Увидев старого приятеля на перроне вокзала, еще больше погрузневшего и раздавшегося вширь, его бросающуюся в глаза аккуратную высоколобую голову с резко обозначившимися залысинами, его строгое, благородное лицо, обрамленное черной с проседью бородкой, очень напоминающее лицо Плеханова, но главное — разглядев уверенность во всей его фигуре, и сам Зиновьев расправил плечи, выставил живот, позволил себе широко улыбнуться и громко, на весь перрон, пошутить:
— Что, Лео, старые партийцы еще не перевелись в столице победившего пролетариата? — и расхохотался, сотрясаясь всем телом, привлекая к себе внимание посторонних лиц.
Каменев хмыкнул и сдержанно улыбнулся: этому Зиновьеву-Радомышльскому по-прежнему кажется, что он пуп земли, и хорошо, что он, Каменев, решил встретить старого друга на вокзале, чтобы не позволить бывшему председателю Петросовета впасть в обычное для него популярничанье перед переменчивым и падким до зрелищ и скандалов вокзальным людом, дабы не дать Сталину лишнего повода для усиления охоты на так называемых сторонников опального Троцкого.

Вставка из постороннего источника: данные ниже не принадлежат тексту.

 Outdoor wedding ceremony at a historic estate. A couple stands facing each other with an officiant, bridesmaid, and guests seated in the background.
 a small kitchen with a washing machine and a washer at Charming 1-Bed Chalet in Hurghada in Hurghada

Не в меру любопытных зевак оттеснили милиционеры, освободив проход для товарищей Каменева и Зиновьева и других делегатов конференции. Зиновьева Каменев увез на служебном автомобиле домой, остальные разъехались в автобусах, специально для них предоставленных наробразом. Мося остался при вещах и должен был добираться до квартиры своего хозяина на перекладных. Впрочем, ему это не впервой.
В машине более тонкий и умный Каменев завел разговор о том, как проходит шестой конгресс Коминтерна, какой обстоятельный доклад сделал на нем товарищ Сталин, и что конгресс, судя по всему, примет новую программу, отвечающую духу времени.
Он говорил безостановочно, не давая Зиновьеву рта раскрыть, как будто то, о чем он говорил, являлось страшной тайной и о ней уже не растрезвонили все газеты, какие только ни выходят в пролетарском государстве.
Зиновьев неопределенно мычал на все эти восторженные пассажи своего друга, но возражать или высказывать какие-то свои суждения даже не пытался: кому не известно, что все наркоматовские шоферы состоят на службе ОГПУ, следовательно, каждое твое слово, произнесенное в машине, через несколько минут станет известно на Лубянке товарищу Генриху Ягоде, который слишком обязан Сталину своей карьерой. И хотя Ягода вроде бы «свой человек в доску», но ради «общего дела» свои могут свернуть шею своему же. И очень даже просто.
Эх-хе-хе! Одному богу — или черту — известно, по чьей воле мы действуем на этом свете…
Перекатывался мелкими камушками в горном ручье голос Каменева, шуршал под колесами асфальт, тарахтел мотор, мимо проносились дома и улицы Москвы, самого ненавистного Зиновьевым города, населенного ненавидимым и презираемым народом.
— Ну, как там за границей? — спросил Зиновьев Каменева, когда они остались одни, удобно расположившись в глубоких креслах вокруг низенького стола в большом кабинете, до потолка забитого редчайшими книгами из личных библиотек русской знати, уставленного родовой мебелью, фамильные гербы на которой либо срезаны, либо прикрыты чехлами.
— За границей? — переспросил Лев Борисович и приложил палец к губам. Затем накрыл стоящий на тумбочке телефон сложенным вчетверо пледом.
Зиновьев, с тревогой проследив за действиями товарища, повел рукой по стенам и потолку и вопросительно потряс головой.
Каменев пожал плечами и продолжил, одновременно протирая свои очки фланелькой:
— За границей кризис, как всемирное явление, открытое и обоснованное Марксом. Но Морганы и Ротшильды продолжают набивать свои банки золотом.
— Я тебя, Лео, не об этом спрашиваю. Про кризис я и без тебя наслышан. А Морганы-Ротшильды своего никогда не упускали. Я думаю, что случись второй всемирный потоп, они заработают и на этом. Меня интересует, как там наши? Что думают о здешних делах? Какие у них планы? Собираются ли нам помогать избавиться от кремлевского горца? Или он их вполне устраивает? А тебя? А всех наших? — сыпал нетерпеливыми вопросами Зиновьев. И пояснил: — Я в этой богомерзкой Казани совсем отстал от жизни.
Каменев не спеша водрузил очки на нос, разлил кофе, добавил в чашки по капельке коньяку. В отличие от нетерпеливого и поверхностного Зиновьева, он умел слушать, анализировать услышанное, делать выводы и отвечать лишь на те вопросы, на которые считал нужным ответить. Другое дело, что он, обладая мягким характером, не умел отстаивать свои выводы, как это умел делать Зиновьев, отчего они не могли обходиться друг без друга и всегда составляли единое целое.